Sadly that was the most complimentary thing my father had ever said to me.
Ke’heops made a somatic gesture with his fingers and the desert disappeared, leaving us standing in the grand foyer of the palace, surrounded by nobles and courtiers going about their business, entirely unaware of the events that would soon overtake their lives.
My father turned to leave me there, pausing only to say, “Who but a trickster can hope to kill a god?”
11
Duty
The rank of royal tutor brings with it a number of privileges, few of which live up to their lofty-sounding titles. Liberas Mandat, for example, which is Daroman for “Mandate of Free Reign,” refers to the fact that a royal tutor cannot be prosecuted for any crime without the consent of four-fifths of the queen’s court. This is because a monarch who can have her teachers locked up for assigning homework doesn’t do the empire much good. Of course, this has never stopped the marshals service from arresting me (which, as Torian Libri likes to point out, is different from prosecuting me) every time I annoy them.
Similarly, Consovi Mandat, which grants a royal tutor audience with the queen on demand, doesn’t technically prevent a dozen or so marshals from greeting said tutor outside the throne room and making it clear they’re going to beat him to a pulp if he chooses to unwisely invoke that particular prerogative right now.
I understood the logic, of course. What the Murmurers—to say nothing of my father—were contemplating was a diplomatic crime of monumental proportions. If the queen never heard about the plan to assassinate the Berabesq god, then it would be that much easier for the empire to deny culpability. That’s why an hour later I found myself trudging along the upper gallery that led to what was informally known as the tutors’ wing towards my private chambers—the one and only privilege of my position that lived up to its reputation.

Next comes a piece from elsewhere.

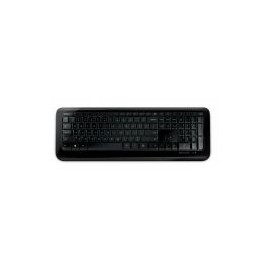 Teclado Microsoft Wireless Desktop 850 Usb, Numérico, Color Negro
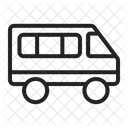 Minivan Auto Symbol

The queen had, at last count, seven tutors. Mathematics, philosophy, natural sciences, politics, history, literature and, of course, card playing. Really you could throw out those first six; skill at poker serves you well enough in most situations.
Except when your political enemies are vastly better at this than you are.

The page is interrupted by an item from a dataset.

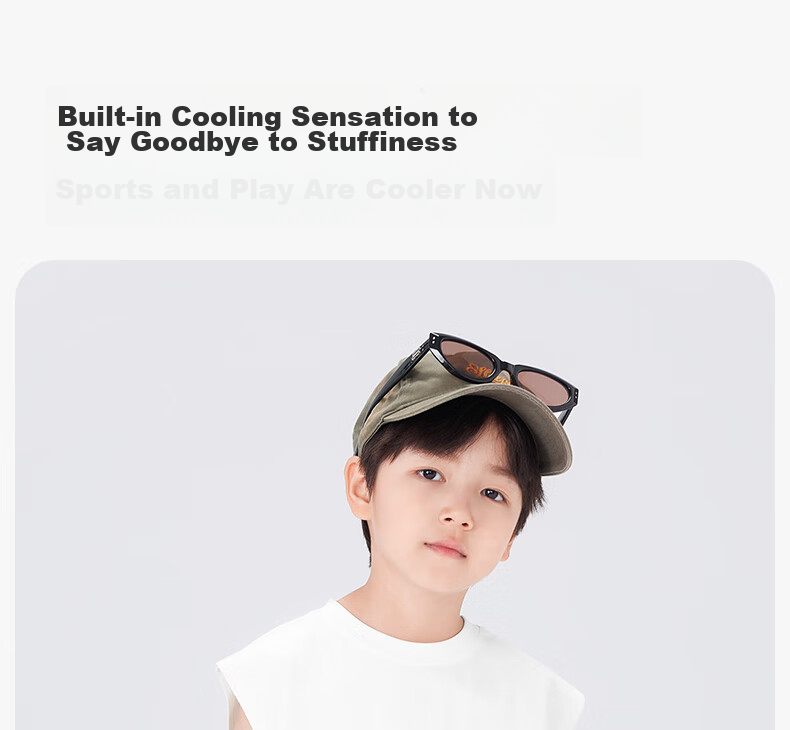 Zuo Xi Boys' Cooling Sleeveless Vest T-Shirt 2026 New Summer Kids' Top White 140 4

“Now what’s a no-good, lousy—”
“You used that one already,” I informed Torian Libri.
She was leaning against the gallery railing that overlooked the floors below, the easy smile on her lips letting me know there would be no tearful apologies for her having poisoned me. “You didn’t let me finish. I had several complimentary things to add to my list.”
“Why don’t you write them down in a letter?” I suggested as I strode past her. “Then do me a favour and burn it.”

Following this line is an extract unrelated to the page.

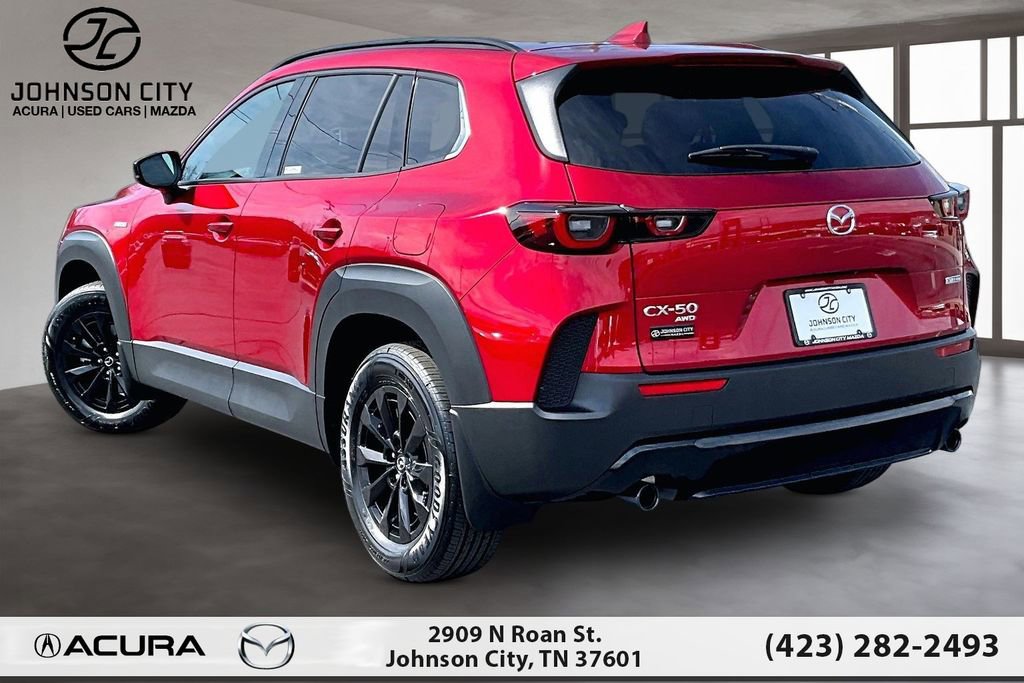 Certified 2025 MAZDA CX-50 AWD 2.5 Hybrid w/ Weather Package image 13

Several things went wrong then, mostly having to do with reflexes. Torian, not used to being so casually dismissed, grabbed my arm. “Now just wait a second, damn it!”
A lot of people had laid hands on me recently. I guess I’d had too many brushes with death mixed with too few hours of sleep, and I reacted out of instinct rather than forethought. I spun around to face her, brought my hand up over her forearm and drove my fingers into the crook of her elbow. There’s a cluster of nerves there that hurt like seven screaming demons when you hit them just right. Torian winced.
“Hells,” I swore. “I’m sorry, I didn’t mean to—”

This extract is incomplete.